Directions for this task
Would you retype exactly the lines below, from the one containing "Foto 2 de En Venta Estrada 733 (altos)" through the end of the entries, both ends included, but not the pictures?

Records excerpted from a collection

......

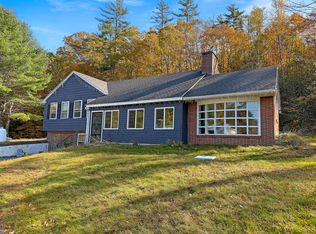 697 S Rumford Rd, Newry, ME 04276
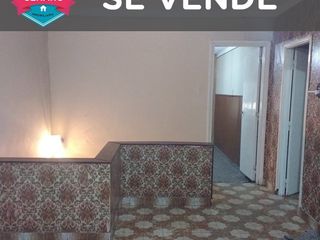 Foto 2 de En Venta Estrada 733 (altos)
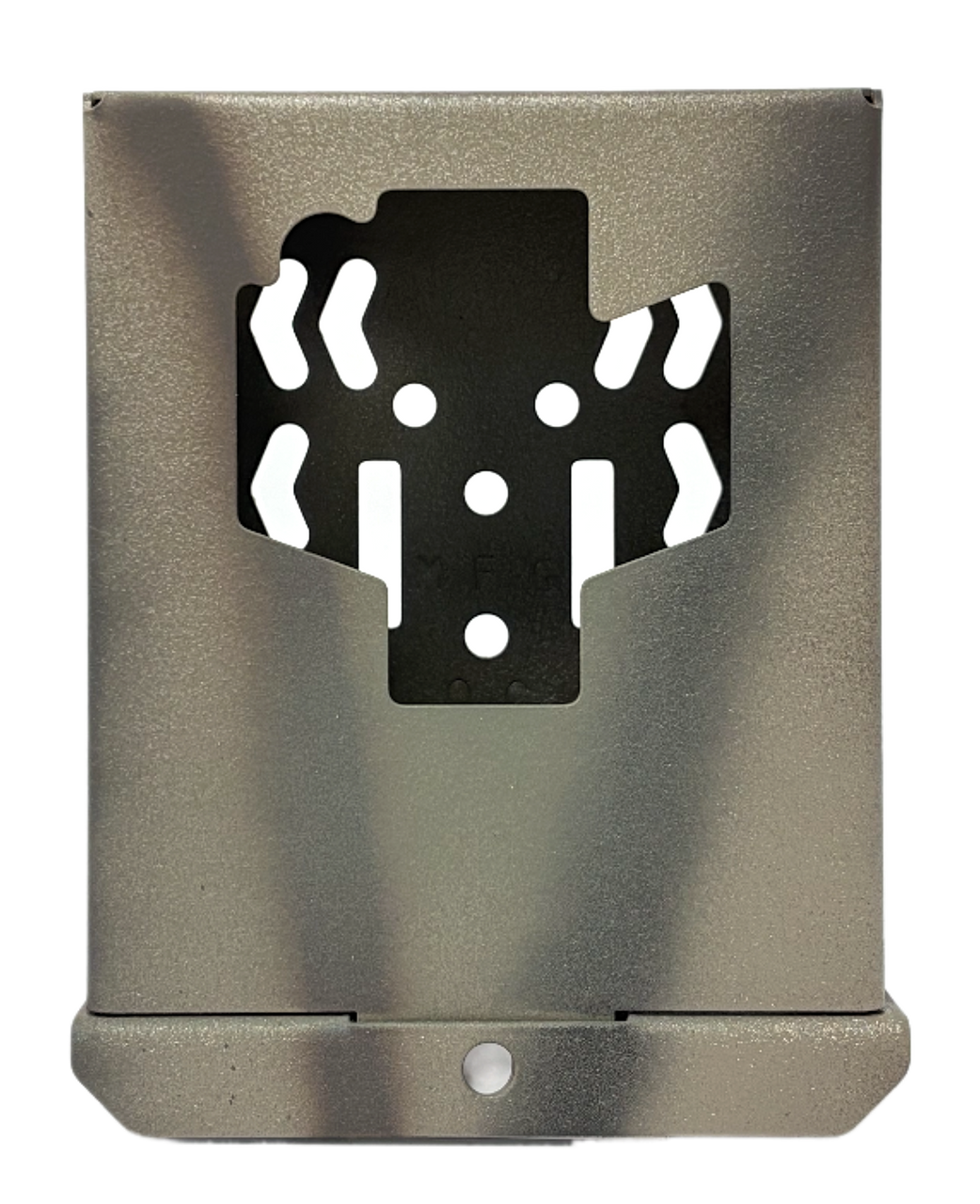 Spartan Golive 3 Security Box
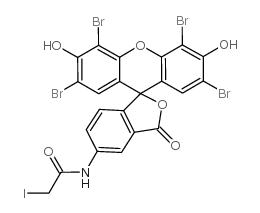 69414-31-9结构式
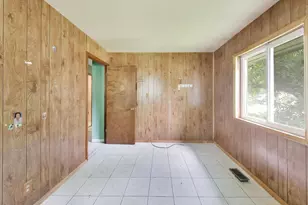 619 Parkside Cir, Streamwood, IL 60107 - Photo 28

......

Solution
 Foto 2 de En Venta Estrada 733 (altos)
 Spartan Golive 3 Security Box
 69414-31-9结构式
 619 Parkside Cir, Streamwood, IL 60107 - Photo 28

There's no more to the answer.